# [Task objective]
The line containing "Захисний чохол Nillkin" and each line after it, through the final line of the data, are to be retyped exactly, with pictures left out.

# [Information shown]
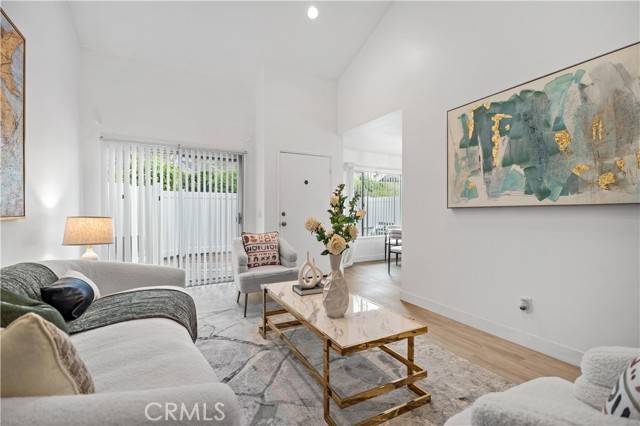 Fullerton, CA 92833,2583 Coventry Circle #CI103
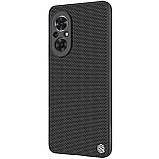 Захисний чохол Nillkin для Huawei Nova 9 SE / Honor 50 SE (Textured Case) Black Чорний, фото 4
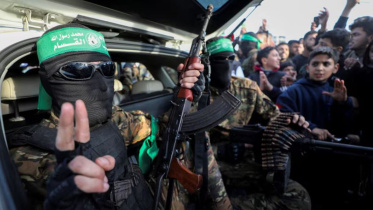 hamas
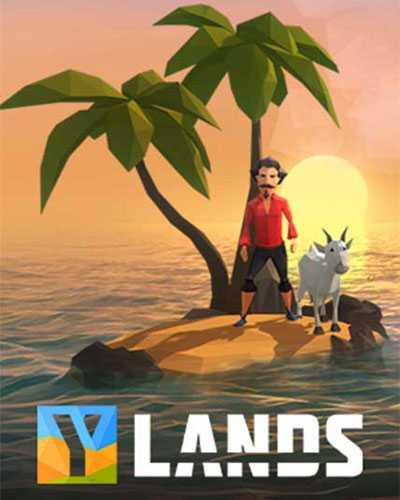 YLands iOS/APK Version Full Game Free Download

# [Expected answer]
 Захисний чохол Nillkin для Huawei Nova 9 SE / Honor 50 SE (Textured Case) Black Чорний, фото 4
 hamas
 YLands iOS/APK Version Full Game Free Download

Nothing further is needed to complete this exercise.